Le groupe a introduit expérimentalement des gènes qui favorisent la formation du cancer, ce qui a induit les cellules dans un état de sénescence. Ils ont découvert que lorsque les niveaux de CSDE1 étaient réduits, les cellules ne pouvaient pas subir la sénescence et devenaient immortalisées, une étape nécessaire au développement du cancer.

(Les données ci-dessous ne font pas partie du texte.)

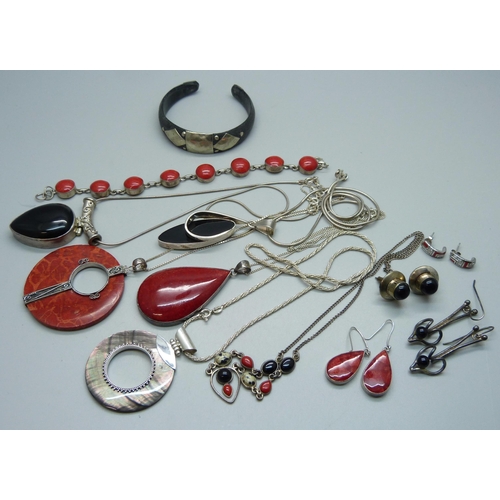 1075 - A collection of silver jewellery, many pieces set with coral including pendants, a bracelet, earring... 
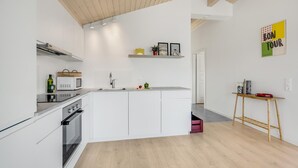 Eine moderne Küche mit weißen Schränken, einem eingebauten Ofen, einer Mikrowelle und einem Spülbecken. Die Decke ist aus Holz und es steht ein kleiner Holztisch mit einer roten Schüssel da.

D’autres expériences ont révélé que lorsque les cellules appauvries en CSDE1 étaient implantées sous la peau de souris, elles commençaient à former des tumeurs malignes. Les auteurs ont trouvé cela frappant car toutes les souris traitées ont développé des carcinomes spinocellulaires en 15 à 20 jours, ce qui souligne l’importance de CSDE1 dans la suppression des tumeurs.

Les chercheurs ont découvert que CSDE1 favorise la suppression des tumeurs par deux mécanismes différents. CSDE1 incite la cellule à sécréter un cocktail de cytokines et d’enzymes qui forcent la cellule à entrer dans un état d’arrêt de croissance permanent. CSDE1 arrête également la synthèse de YBX1, une protéine précédemment connue pour favoriser la croissance et l’agressivité des tumeurs.

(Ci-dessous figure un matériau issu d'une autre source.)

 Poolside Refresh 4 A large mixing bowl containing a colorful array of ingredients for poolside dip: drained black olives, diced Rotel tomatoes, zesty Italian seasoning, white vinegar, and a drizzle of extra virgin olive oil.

Selon les auteurs, les résultats de l’étude sont surprenants car CSDE1 a été précédemment lié à la formation de cancers et non à leur suppression. Des études antérieures du même groupe dirigé par le Dr Gebauer ont montré que CSDE1 favorise la formation de métastases dans le mélanome, un type de cancer de la peau moins fréquent mais plus agressif. D’autres études ont montré que CSDE1 est lié à la prolifération tumorale dans de nombreux types de cancer.

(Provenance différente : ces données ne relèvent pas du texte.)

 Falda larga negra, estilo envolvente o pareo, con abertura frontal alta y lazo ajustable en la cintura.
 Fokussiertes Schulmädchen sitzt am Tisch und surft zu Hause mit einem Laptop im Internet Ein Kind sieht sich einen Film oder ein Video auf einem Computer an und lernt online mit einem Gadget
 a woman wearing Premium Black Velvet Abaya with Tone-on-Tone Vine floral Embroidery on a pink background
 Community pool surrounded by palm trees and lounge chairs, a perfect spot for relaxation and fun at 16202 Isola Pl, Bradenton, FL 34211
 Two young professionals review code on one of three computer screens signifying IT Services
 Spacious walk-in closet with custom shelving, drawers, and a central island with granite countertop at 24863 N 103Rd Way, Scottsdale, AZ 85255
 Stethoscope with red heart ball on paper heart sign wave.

CSDE1 est en quelque sorte le “Dr Jekyll et Mr Hyde” des protéines. Elle a une double nature imprévisible selon le type de cellule et de tissu dans lequel elle se trouve”, explique le Dr Gebauer, coordinateur intérimaire du programme de recherche sur la régulation des gènes, les cellules souches et le cancer au CRG et auteur principal de l’étude. “Nous ne savons pas pourquoi cette protéine provoque le cancer dans certains cas et le supprime dans d’autres. L’exploration de la cause profonde de ce phénomène aura des implications importantes pour la découverte de nouveaux traitements anticancéreux plus personnalisés.”

CSDE1 est une ARN-. Il s’agit d’un type de protéine qui surveille les ARN, souvent dès qu’ils sont fabriqués, afin de pouvoir modifier leur fonction de manière significative. Une théorie possible qui explique pourquoi CSDE1 se comporte différemment est que les cellules normales de la peau ou les tumeurs ont chacune des variantes légèrement différentes de la protéine qui affectent la machinerie moléculaire plus large de différentes manières.

Cette étude est l’une des rares à examiner le rôle des protéines de liaison à l’ARN dans l’établissement de la sénescence cellulaire, qui est une nouvelle frontière importante dans la recherche sur le cancer. “On a longtemps pensé que les protéines de liaison à l’ARN étaient des molécules universelles que les cellules utilisaient pour l’entretien général et qu’elles ne pouvaient pas être ciblées par des moyens thérapeutiques. Il est de plus en plus clair que ce n’est pas le cas et que ce domaine émergent est essentiel pour comprendre les maladies humaines”, conclut le Dr Gebauer.

Référence : “Coordinated post-transcriptional control of oncogene-induced senescence by UNR/CSDE1” 11 janvier 2022,Rapports de cellules.